# WHAT YOU WILL DO
Within the material below, transcribe exactly the lines from the one holding "KALORIS 2271 Брюки" through the one holding "MB BAD - под", keeping both ends and skipping the rest.

───── INFORMATION SUPPLIED

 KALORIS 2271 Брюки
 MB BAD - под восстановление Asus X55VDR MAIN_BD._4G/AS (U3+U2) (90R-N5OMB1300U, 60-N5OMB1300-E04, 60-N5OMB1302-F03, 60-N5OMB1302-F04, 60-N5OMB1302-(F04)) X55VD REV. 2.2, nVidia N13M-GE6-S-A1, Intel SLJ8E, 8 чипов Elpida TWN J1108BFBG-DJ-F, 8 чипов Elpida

──────────
───── INFORMATION SUPPLIED

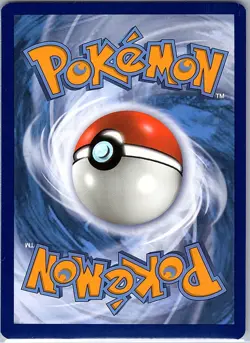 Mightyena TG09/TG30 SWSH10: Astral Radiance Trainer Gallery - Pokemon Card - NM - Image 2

──────────

# YOUR SOLUTION
 KALORIS 2271 Брюки
 MB BAD - под восстановление Asus X55VDR MAIN_BD._4G/AS (U3+U2) (90R-N5OMB1300U, 60-N5OMB1300-E04, 60-N5OMB1302-F03, 60-N5OMB1302-F04, 60-N5OMB1302-(F04)) X55VD REV. 2.2, nVidia N13M-GE6-S-A1, Intel SLJ8E, 8 чипов Elpida TWN J1108BFBG-DJ-F, 8 чипов Elpida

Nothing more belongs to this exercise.